The Kumasi Shoe Factory is operating far below capacity as state security agencies continue to import footwear from abroad, threatening plans to roll out the government’s 24-hour economy programme, the Board Chair, Dr Karl Laryea, has said.
Dr Laryea told journalists in Accra that last year, the government directed security agencies to stop importing footwear and procure locally from the factory, but that has not been the case.
He said the company had formally written twice to the agencies since the directive was issued and made repeated attempts to engage them, adding: “We have received no response.”
Despite the directives, the agencies continue to import footwear from countries including India, China, and the United Kingdom, even though the factory has the capacity to supply them locally.
The agencies include the Ghana Police Service, Ghana National Fire Service, Ghana Prisons Service, Ghana Immigration Service, the National Disaster Management Organisation, and the National Service Secretariat.
Dr Laryea suggested that the government could enforce compliance and penalise agencies that refuse to buy locally. He also recommended a system where payments for footwear are made directly to the factory, with agencies instructed to collect their supplies.
The factory, he said, is jointly owned by the Ghana Armed Forces and Czech Republic-based company Knights A.S., operating in Ghana through its subsidiary, Knights Ghana Limited.
Dr Laryea added that some agencies have refused to provide their size specifications, known as size rolls, which are required for production. According to him, some agencies have requested footwear production without confirmed sizing, promising to purchase later.
“If we produce and they come with different sizes, it becomes another excuse for them to buy from outside; they do not want to buy. That is why they refuse to give their size rolls,” he stressed.
The factory currently operates at about eight per cent of its installed capacity of 700,000 pairs of assorted security boots and shoes per year.

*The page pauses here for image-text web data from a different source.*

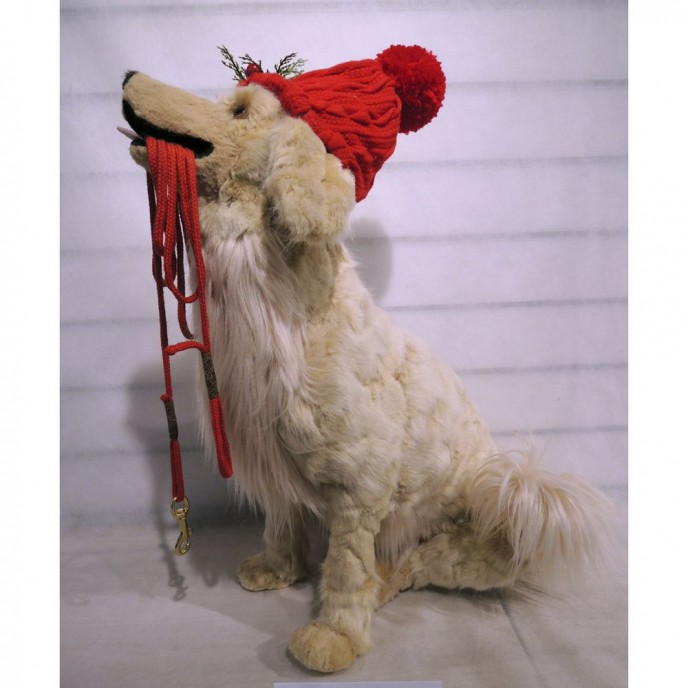  XMAS BROWN FUR DOG WITH RED HAT 52X30X62CM 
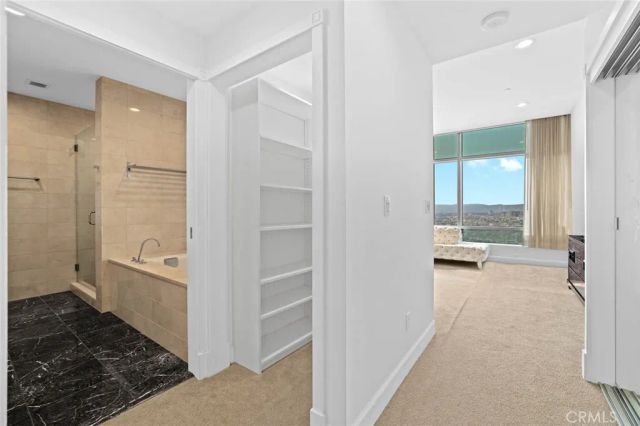 900 W Olympic 31J, Los Angeles, CA 90015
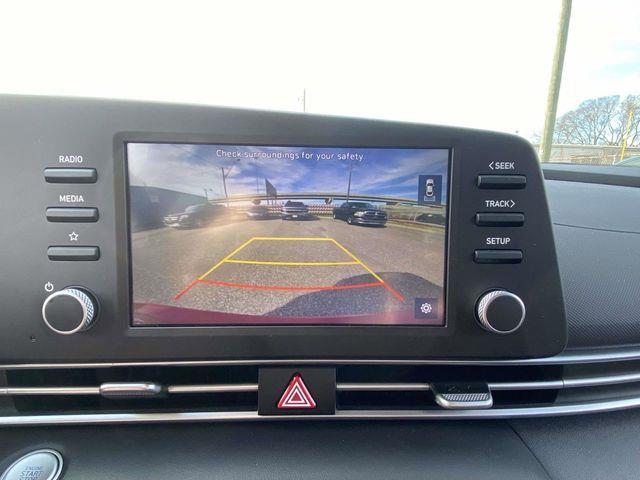 Hyundai Elantra  2023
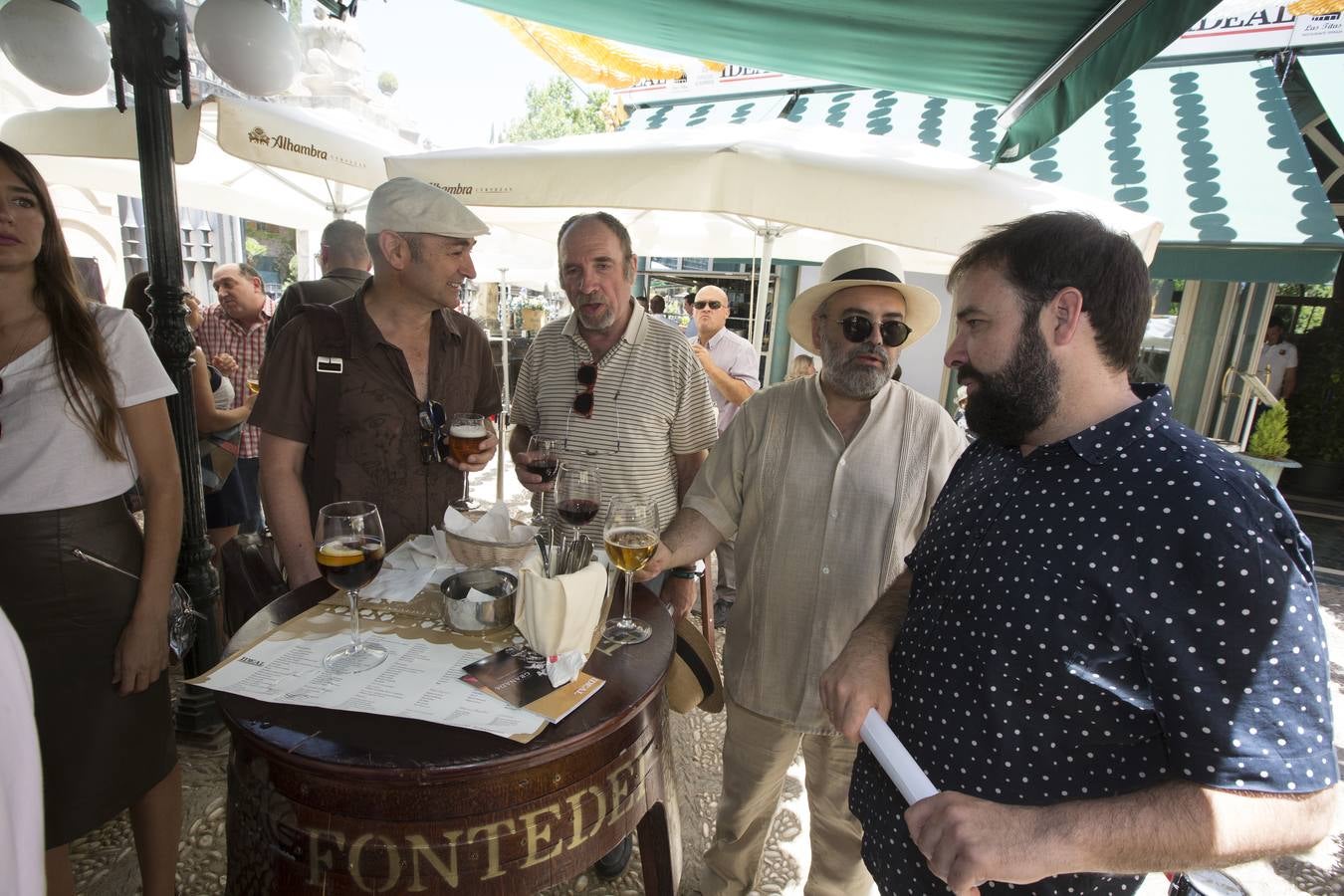 Y aquí estamos de nuevo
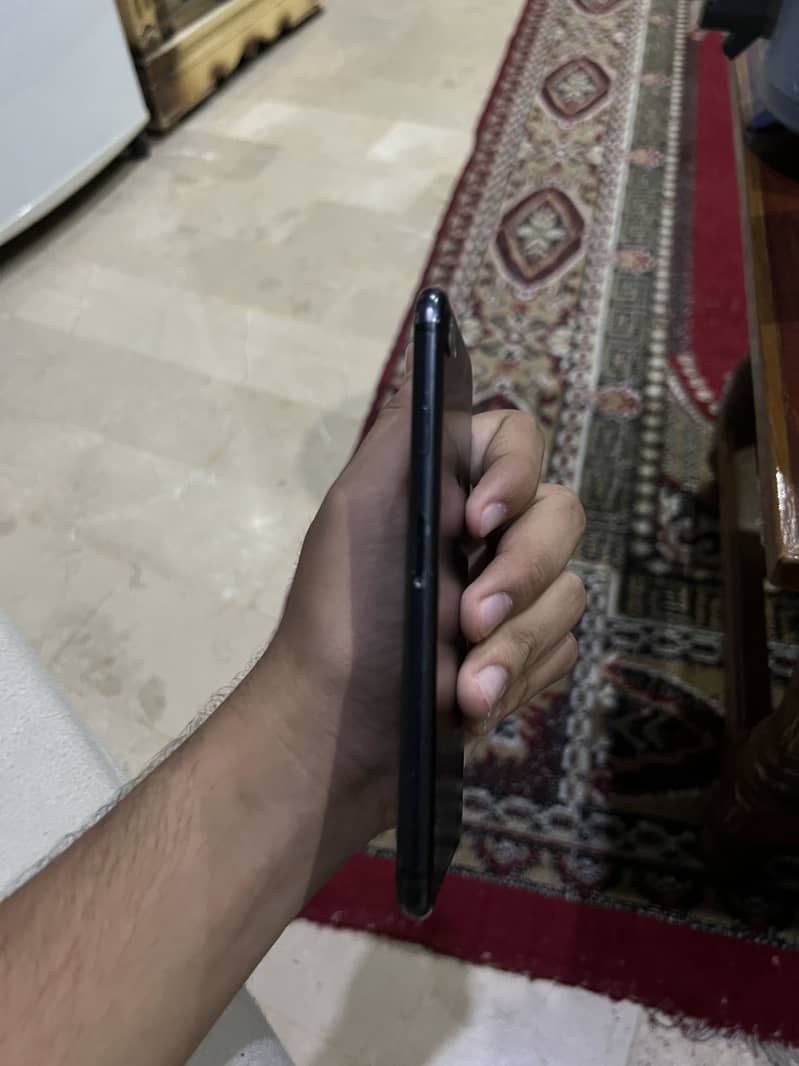Apple iPhone 7 1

Dr Laryea said that for the directive to work, the government must enforce it and create mechanisms that guarantee sustained local procurement.

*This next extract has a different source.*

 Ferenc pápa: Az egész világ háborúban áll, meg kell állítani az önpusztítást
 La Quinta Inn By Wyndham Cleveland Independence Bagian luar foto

He revealed that plans are far advanced to roll out the 24-hour economy programme, with the factory set to receive four new production lines in March to boost output.
The new lines would enable the company to produce between 10 and 15 million pairs of sandals annually for public school pupils. “Once fully installed, the factory would have the capacity to employ about 1,500 workers under a three-shift system, creating employment opportunities for the youth,” he said.
Currently, the factory employs 41 workers. When the company was resuscitated in 2012, it employed about 200 workers, with projections to expand to 800 workers within two to three years. However, the workforce has steadily declined due to a lack of sustained orders.